### WORK ITEM
Any picture in the listing is left out of the copy; all else is duplicated exactly.

### SUPPLIED MATERIAL
+===+

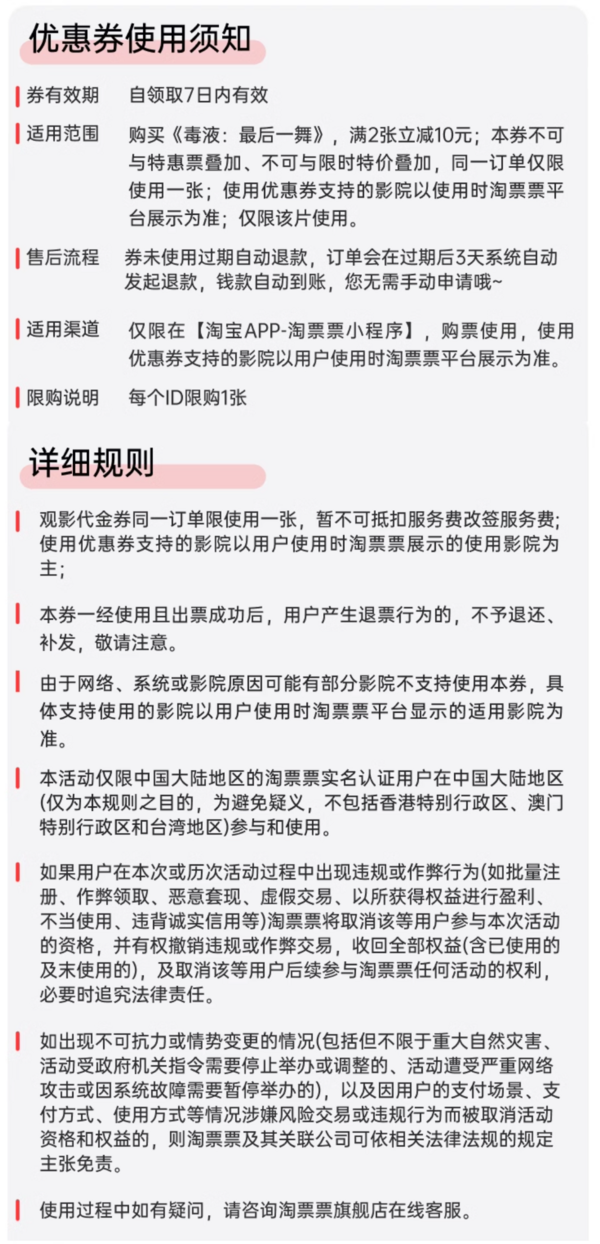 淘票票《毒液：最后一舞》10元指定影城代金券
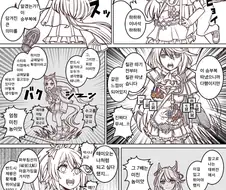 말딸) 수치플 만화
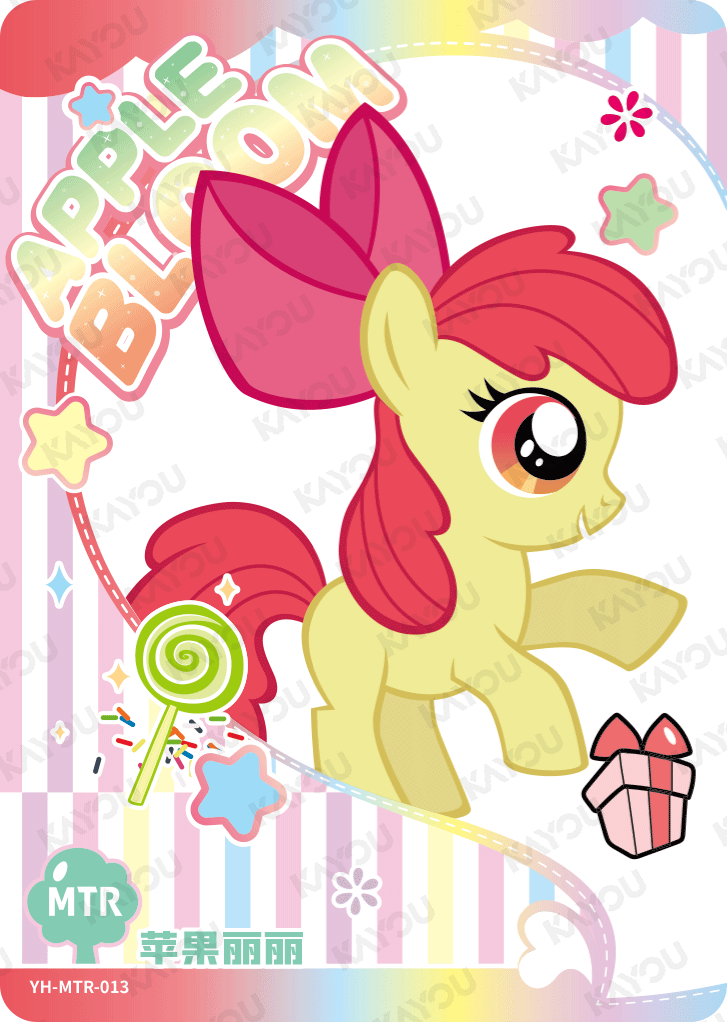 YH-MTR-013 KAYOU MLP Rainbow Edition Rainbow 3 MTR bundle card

+===+

### EXERCISE RESPONSE
 淘票票《毒液：最后一舞》10元指定影城代金券
 말딸) 수치플 만화
 YH-MTR-013 KAYOU MLP Rainbow Edition Rainbow 3 MTR bundle card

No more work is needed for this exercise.